Most everyone who watched the recent parliamentary debate at the level of party leaders came away with the impression that the country has entered a protracted electoral period.
Prime Minister Alexis Tsipras’ speech laid out what will essentially be his electoral platform. In his view, the government succeeded where its predecessors did not, as he was able to manage a major economic crisis in a suffocating economic and political environment.
He will argue that he fulfiled the obligations to creditors that he undertook three years ago, having passed a strict cycle of evaluations, thus creating the conditions for an exit from the memorandum and for a debt relief package, allowing Greece’s autonomous re-incorporation in the international economic system.
He prides himself over the fact that the once excluded and marginalised Left has become a ruling power that is able to handle critical affairs, and that it succeeded despite attacks from establishmentarian political forces, big interests, and a broad circle of neo-liberal opponents. In this, his only ally was the people, he will argue, and especially the poorer classes, with which he consciously allied in order to take the country out of a great impasse.
Mr. Tsipras says he will move forward with the poorer classes, which he basically feels he represents, and he will attempt to satisfy them through Finance Minister Euclid Tsakalotos’ policies of active demand. Tsakalotos view is that you need not expand the pie to offer handouts to the poor, and that by distributing the surplus you can achieve the growth that the country needs.
Right now, what is paramount is closing the fourth bailout evaluation, exiting the bailout in August, and gradually regaining some measure of freedom in implementing fiscal policies.
One can expect that an election scenario before September, therefore, can be ruled out.

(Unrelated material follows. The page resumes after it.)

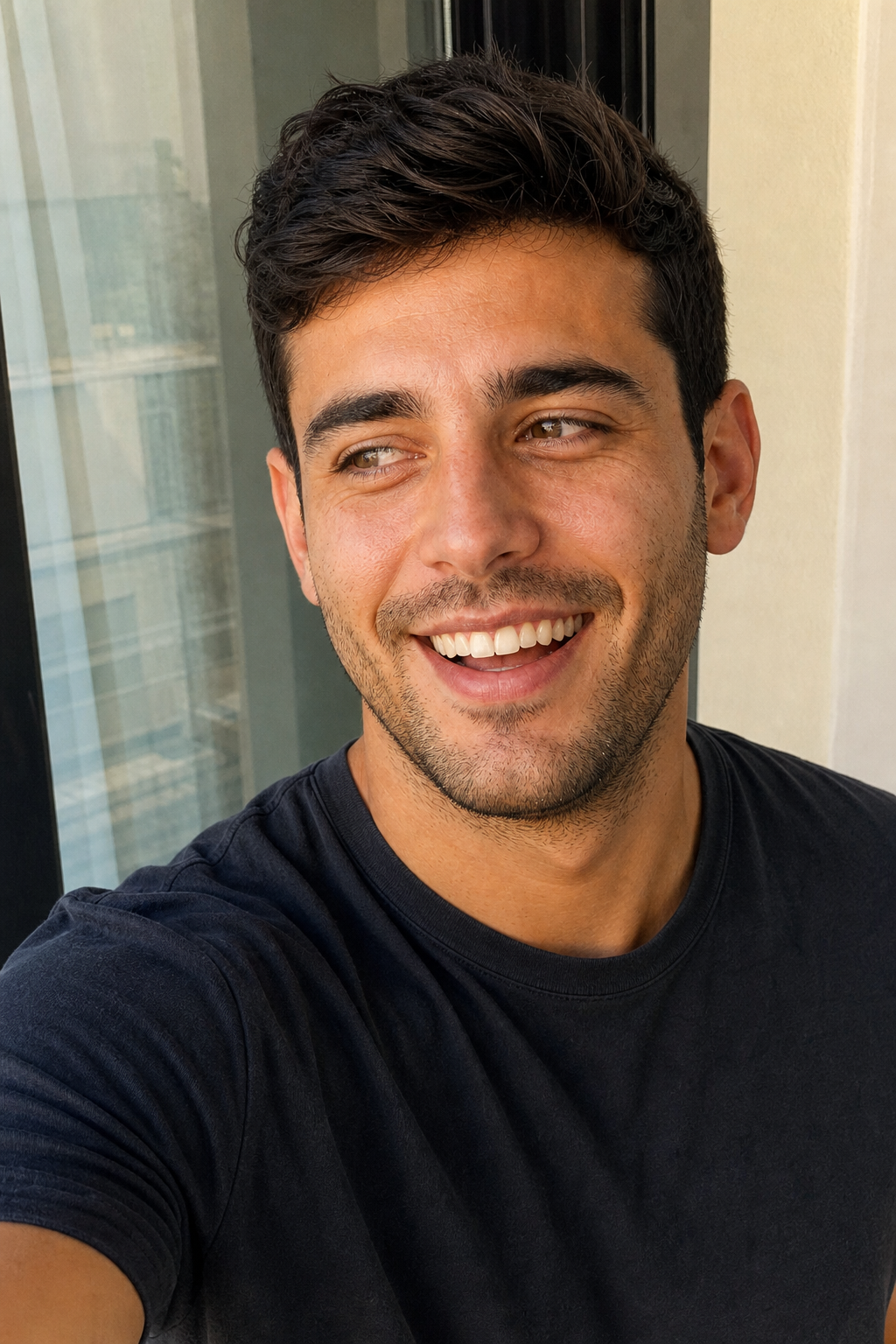 A man's candid-feeling selfie, caught mid-laugh looking just off the lens in warm natural light.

Tsakalotos told parliament that the 2019 budget will provide for various handouts, given the expected primary surplus of over 3.5 percent of GDP.
The technical agreement with creditors includes measures to counterbalance such unpopular measures as pension cuts. Despite political or ideological differences, the creditors believe that Tsipras is getting their job done, so they will check him, but not hang him out to dry, as they did with ex-PM Antonis Samaras in 2014.

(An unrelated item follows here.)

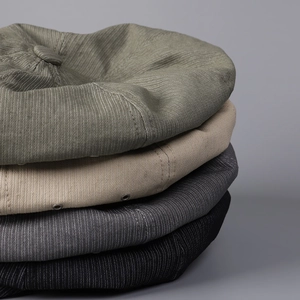 Close-up of stacked corduroy newsboy caps in green, khaki, grey, and black colors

The government wants the 2019 budget to include a 13th annual pension to counterbalance cuts, and rent subsidies to a mass of poorer renters. There will also be an effort to provide an ENFIA real estate tax discount for lower income brackets. Moreover, with the new ratio of one civil service hiring per one departure, the government will be able to appoint a substantial number of voters to the civil service.

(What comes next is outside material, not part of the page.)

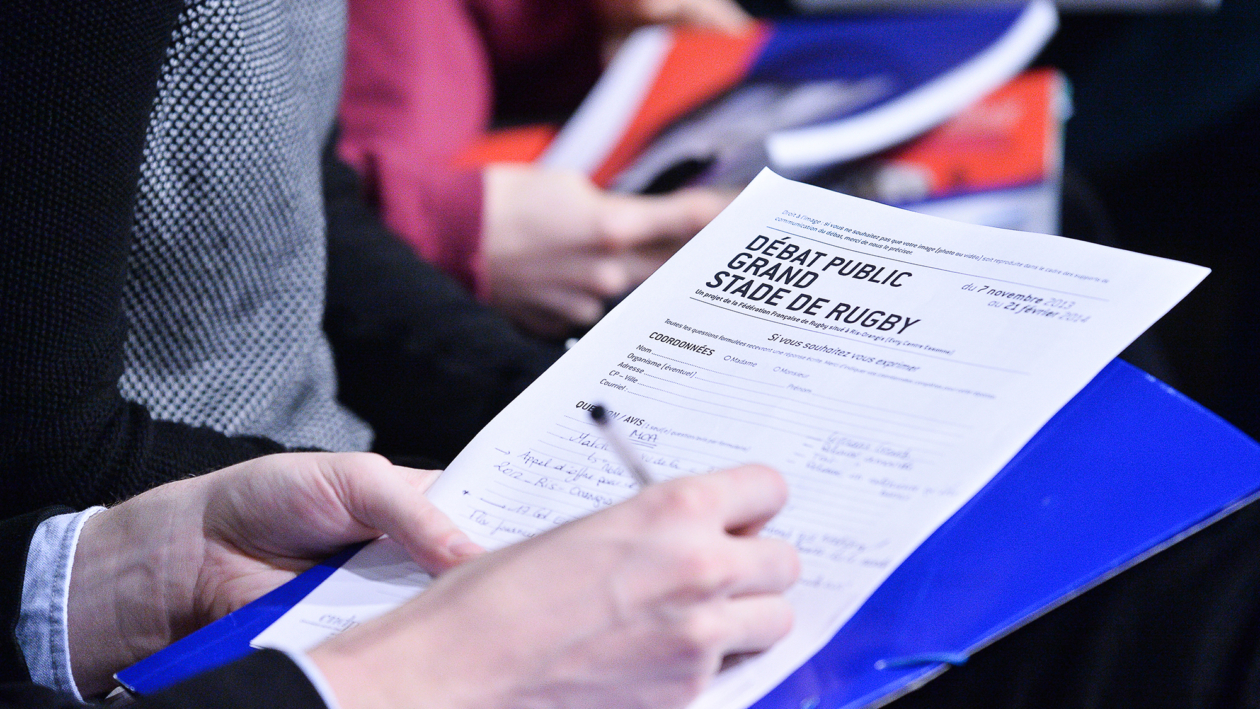 Une personne tient un dossier bleu et remplit au stylo un formulaire intitulé "Débat public Grand Stade de Rugby", assise parmi d'autres personnes, dont certaines tiennent des documents. Photographe Xavier Granet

Tsipras advisors think the above measures will cover a substantial segment of society.
That is where the so-called Turkey scenario, which has Tsipras calling snap elections in January after the Christmas turkey has been consumed, comes in.
Having distributed all the handouts, he will seek an intense political cash with opposition leader Kyriakos Mitsotakis during the parliamentary debate on the budget, and he may leave open the prospect of accepting Mitsotakis’ demand for elections.
Under that scenario, the PM would call snap elections in early January, to be held at the end of the month, around the four-year anniversary of his first electoral victory.